TcdB 851–1473 (5–10 μM) was incubated in citrate-phosphate buffers ranging from pH 4.0-pH 7.5 in 0.5 pH increments at room temperature in the presence and absence of 20 mM dodecylphosphocholine (DPC). After 30 minutes, samples were spun at 5000 × g for 5 min to pellet aggregates (but not detergent). The supernatant was removed from each sample, and mixed 1:1 with Laemmli loading buffer with beta-mercaptoethanol (Bio-Rad) and boiled for 2 min. Samples were then loaded onto an SDS-PAGE gel and stained with Coomassie Blue R250. The uncropped SDS-PAGE gels (Fig. 7a) are in the data source file.

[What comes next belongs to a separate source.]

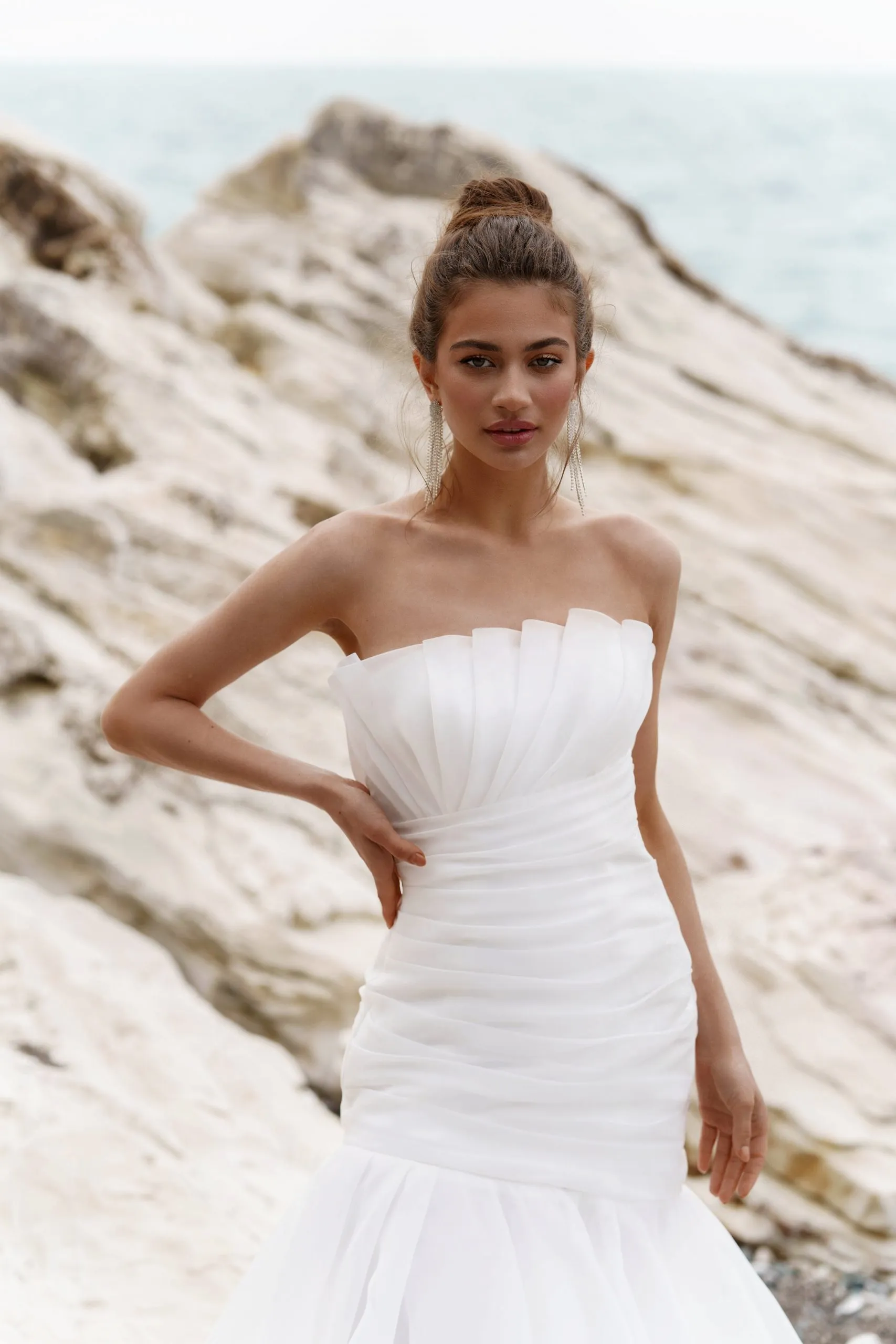 wedding dress Fergie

Circular dichroism spectroscopy

Far-UV CD spectra were recorded at room temperature using a J-810 spectropolarimeter (Jasco) with 0.1 cm path length cuvettes. Protein was added to a final concentration of 5–10 μM in presence or absence of 20 mM dodecylphosphocholine (DPC) in citrate-phosphate buffers ranging from pH 4.0–7.5 in 0.5 pH increments. After 30 min at room temperature, all samples were spun down at 5000 × g for 5 min to pellet aggregates but not detergent. The supernatant was removed for each sample, and CD spectra were acquired from 250 to 190 nm at 50 nm/min, with a data pitch of 0.1 nm and three accumulations. Spectra were then averaged, blank subtracted and converted to mean residue ellipticity using standard formulas.

Reporting summary

Further information on research design is available in the Nature Research Reporting Summary linked to this article.